Lorent Wanson : Godot énergique
Scène

Lorent Wanson : Godot énergique

Un vénérable quinquagénaire prend un bain de jouvence. Le public ado du Théâtre Denise-Pelletier pourra voir un En attendant Godot belge, où Vladimir et Estragon n’accusent qu’une vingtaine d’années.

Un vénérable quinquagénaire prend un bain de jouvence. Le public ado du Théâtre Denise-Pelletier pourra voir un En attendant Godot belge, où Vladimir et Estragon n’accusent qu’une vingtaine d’années. La production du Centre dramatique Hainuyer et du Théâtre National de la Communauté Wallonie Bruxelles a valu à Lorent Wanson le Prix de la meilleure mise en scène pour la Belgique francophone, en 2001.

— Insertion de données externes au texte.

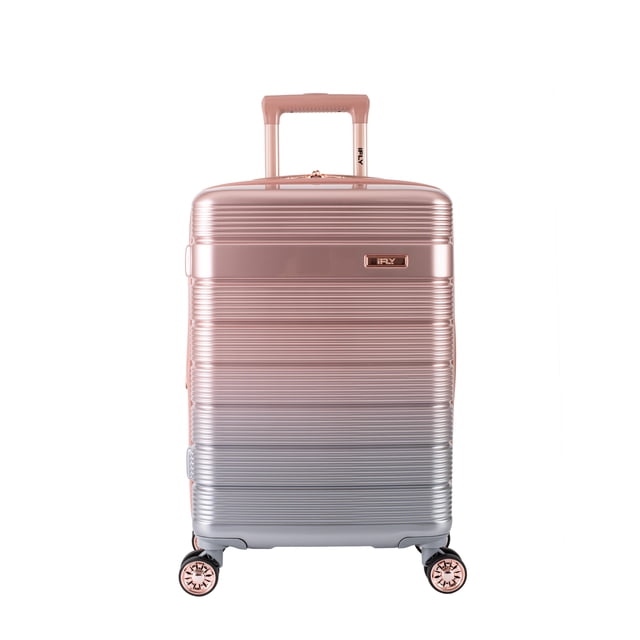 iFLY Spotlight Valise Rigide de Cabine 20 Pouces en Dégradé Or rose avec Coque Côtelée en ABS/PC, Roues Pivotantes Lisses à 360°, Poignée Télescopique et plaque logo iFLY avant, Idéale pour des Voyages Légers et Durables et un Emballage Organisé.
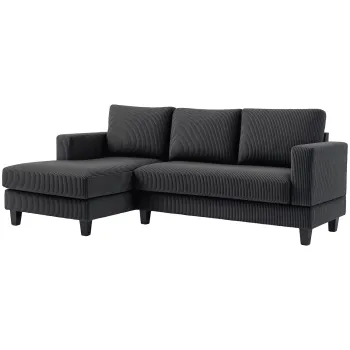 HOMCOM Coltar, Canapea L de 3 Locuri cu Sezlong, Constructie din Lemn, 8 Picioare, Catifea Cordon, Tapiterie cu Spuma, Gri | Aosom Romania imagine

"Un des rôles du metteur en scène, c’est "souvent de désacraliser les textes", dit Lorent Wanson. "À chaque époque répond un autre Godot, répondent d’autres angoisses. Lorsque Beckett a écrit cette pièce, on pouvait se demander: après les camps de concentration et Hiroshima, comment croire encore en l’humanité? Aujourd’hui, d’autres constats viennent nourrir Godot. Et je crois que c’est la vertu de tout grand texte: pouvoir devenir presque plus contemporain que n’importe quelle oeuvre actuelle. Et c’est une pièce qui ne donne aucune réponse. Elle ne fait qu’ouvrir des énigmes. C’est sa grande force."

Ayant rencontré de nombreux jeunes, Wanson a constaté leur angoisse devant leurs perspectives d’avenir bouchées, et un certain désabusement face à une société qui ne leur propose rien de stimulant. Dans ce contexte, la réplique qui ouvre Godot, le "rien à faire" lancé par le célèbre couple de clochards désoeuvrés, prend une autre résonance.

"Quand Beckett a écrit la pièce pour des vieillards, en 1952, l’Europe était en reconstruction après la guerre. Donc, la notion du "rien à faire" était obligatoirement métaphysique. Alors qu’avec des jeunes aujourd’hui, elle devient très concrète! En matinées scolaires, on a constaté que le public jeune se reconnaissait fortement dans ces questions. Qu’est-ce que ça signifie "rien à faire" lorsqu’on a 20 ans, que rien ne débouche, et que finalement personne n’en a rien à faire, de l’état de la planète qu’on va laisser aux jeunes générations?… On constate qu’on est face à une espèce de mur de plomb. On a beau essayer de trouver d’autres voies, on se fracasse dessus."

Son duo d’interprètes juvéniles (Calo Valenti et Cyril Briant, récipiendaire du Prix du meilleur jeune espoir masculin) modifie le tonus de cette pièce sur l’attente. "On dit souvent que Godot est une pièce sur l’ennui. Et nous, d’une certaine façon, on en a fait une pièce contre l’ennui. Quand l’ennui arrive, on ne peut pas s’y laisser aller. Vladimir et Estragon sont comme des piles neuves, mais sans machine pour les canaliser. Ils sont pleins d’une énergie monumentale, laissée à l’abandon. On a voulu monter la pièce comme un hommage à la jeunesse, et aussi un hommage à cette énergie-là."

Comme il le fait depuis plusieurs années, ce metteur en scène aux fortes préoccupations sociales a ouvert les portes au public pendant toute la durée des répétitions. Les échanges avec les jeunes ont ainsi nourri constamment la création. "C’est afin de confronter notre travail à la réalité des gens, d’en rendre compte sans la théoriser au préalable. Je trouve qu’un des gros problèmes de la culture aujourd’hui, c’est qu’elle a souvent une espèce de regard sociologique préétabli sur la réalité. Les questions métaphysiques, politiques et sociales ne sont pas l’apanage des intellectuels ou des artistes. Chacun a ses propres angoisses sur la société, et il est très important d’y être à l’écoute."